Last week I was having a chat with Ally Khan Satchu a re-known economist in the country and one of the idea that crossed my mind was the issue of Startups in Kenya and also why young entrepreneurs will start off a business and when its doing well they decide to sell them.I would not dream of selling something that I have sweated for from the scratch.
But Ally Khan argues that selling your business is a big step and one many business owners consider from time to time. Cashing in on the labour of your hard work and getting a cash pay-out can allow you to retire, start a new business or just to make money.He advises that if one has to sell out their business then they must consider the following:
Begin planning as soon as possible
You can never start the planning process for selling your business too early. Not only do you need to develop a solid understanding of how the process of transferring your business to another party works, but you also need to prepare yourself for any emotional issues that may arise when selling your business. This can help ensure that you are ready to take action and that you can keep your wits about you when it comes time to make the sale.
Have a plan B ready
Often times, business owners back out of deals simply because they don’t know what they will do next. There can be a lot of fear of the unknown associated with selling a business. Having a solid plan in place helps eliminate this fear, hence improving the chances of going through with the sale.
Think about what you would find most fulfilling as you move on with your life. For some, it may be starting a different business. For others, it may be something like devoting themselves to doing charity work or teaching others.By choosing a new adventure that you are passionate about, you will be far more likely to go through with the sale.
Know the worth of your business
Since you have invested so much time and energy into building your business, it is only natural to assign a lot of value to it. Unfortunately, however, that value may be higher than the market is willing to bear. You have to be realistic about how much your company is truly worth. Do your research and have a figure in mind that you can quote to interested buyers. Be sure that this price is not only fair to you but that it also accurately represents the true value of the business.
Also, be prepared to answer questions from buyers with as much detail as possible. This can help eliminate any fear that they may have about going through with the sale.
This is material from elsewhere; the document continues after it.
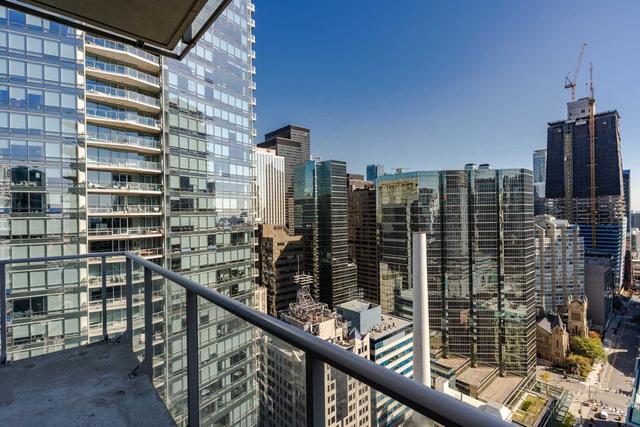 2808 - 126 Simcoe St, Condo with 3 bedrooms, 2 bathrooms and 1 parking in Toronto ON | Image 28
Don’t get caught off guard
The last thing you want is to be surprised at the last minute by an unexpected issue. Always be open and honest with potential buyers about any negative aspects of your business. For instance, if you are having trouble with a customer, be sure to mention it to the buyer so that they are aware of the issue.Even if you are confident that the relationship can be mended, it is important to make sure that the buyer is aware of the rift.
Being upfront about this during the pre-sale period can help avoid problems when it comes time for the buyer to do their due diligence. If a problem is discovered by the buyer during this period that you failed to disclose, it could result in the sale falling through at the last minute.
Go through due diligence politely and slowly
It can be easy to take due diligence personally since it can feel like a personal attack. You shouldn’t view it this way, however. Instead, try to see it for what it is; a normal part of doing business. It is normal and expected for buyers to be filled with questions about your business, as well as to want verification of what you tell them. Although this can sometimes feel like a personal attack, it is necessary for the sale to go through. Always prepare yourself ahead of time for any questions that you may find particularly challenging to answer. That way you will be less likely to respond emotionally when the buyer brings them up.
Having an escrow agent in place to take care of the financial transactions
If you’re selling your business, maybe you should consider having a financial/bank agent. The agent is an officer who accepts the money into an escrow account on behalf of previous owner from the buyer and will then disburse the funds at times stated in the contract. It’s a safer way to sell and buy a business.
Even if you are not currently planning to sell your business, it pays to prepare yourself in case something happens that requires a quick sale.